### Extracted information
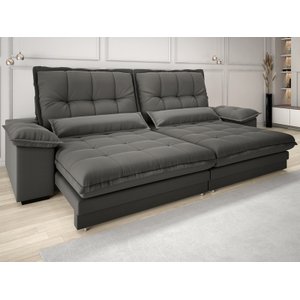 Sofá Bergamo 2,90m Assento Retrátil e Reclinável Velosuede Cinza - Netsofás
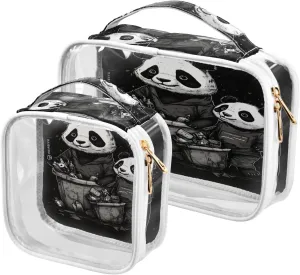 GAIGEO Black and White Two Pandas Zipper Clear Toiletry Bag, Bag for Cosmetics, Cosmetic Bag for Women, 2 Pack
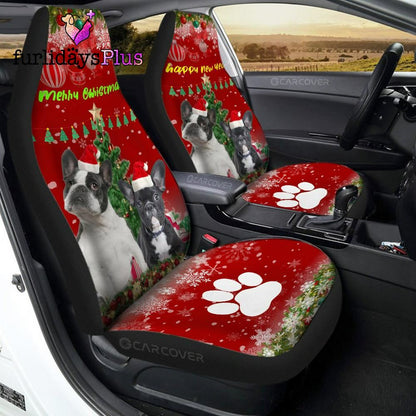 Christmas Car Seat Covers, French Bulldogs Christmas Dog Car Seat Covers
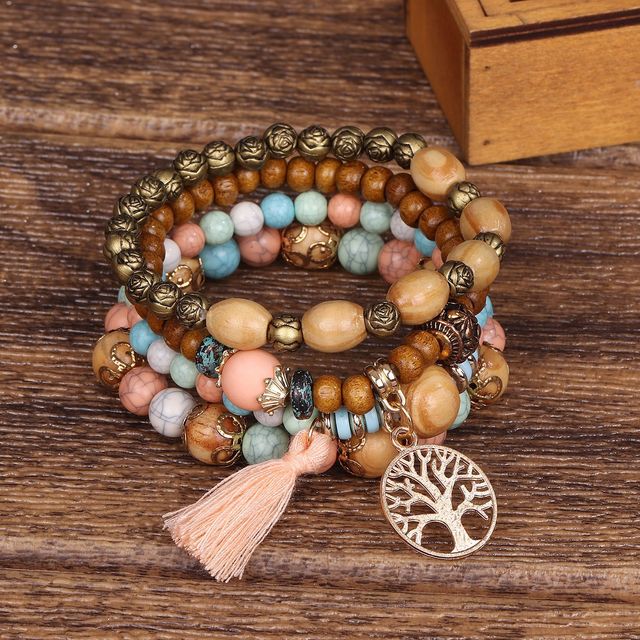 Boho Charm Wood Beaded Bracelet Wooden Bead Bracelet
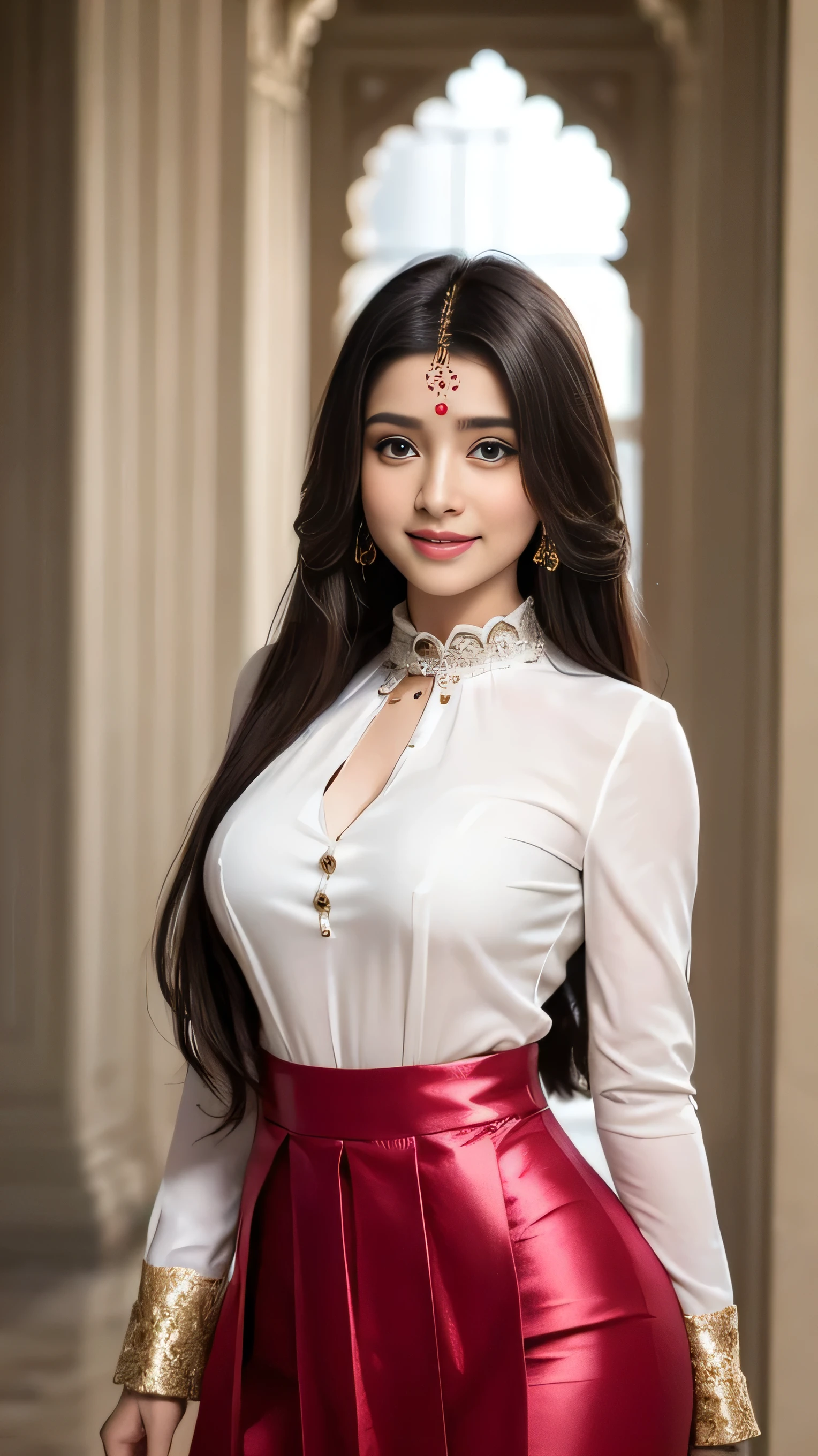 ((highest quality, 8k, masterpiece:1.3)), (Focus Control:1.2), (Perfect body beauty:1.4), ((Delicate Hair)), (Highly detailed face and skin texture), Beautiful Eyes, double eyelid, (Shiny skin:1.5), Small face, Huge breasts, 20-year-old, (White Layered Hair), (smile, Beautiful Teeth), (gorgeous indian dresses:1.4), (A wonderful palace:1.5), (Please hide your hands under your clothes),Long straight hair_Hair reaching down to the waist、White long sleeve button up blouse_With collar_Remove up to the second button_Brown pleated mini skirt、full figure supermodel standing, entire body in frame、shy smile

### What is expected
Everything from the line containing "Boho Charm Wood" through the end of the data should be printed exactly, line for line, except the pictures.

### Result of this task
 Boho Charm Wood Beaded Bracelet Wooden Bead Bracelet
 ((highest quality, 8k, masterpiece:1.3)), (Focus Control:1.2), (Perfect body beauty:1.4), ((Delicate Hair)), (Highly detailed face and skin texture), Beautiful Eyes, double eyelid, (Shiny skin:1.5), Small face, Huge breasts, 20-year-old, (White Layered Hair), (smile, Beautiful Teeth), (gorgeous indian dresses:1.4), (A wonderful palace:1.5), (Please hide your hands under your clothes),Long straight hair_Hair reaching down to the waist、White long sleeve button up blouse_With collar_Remove up to the second button_Brown pleated mini skirt、full figure supermodel standing, entire body in frame、shy smile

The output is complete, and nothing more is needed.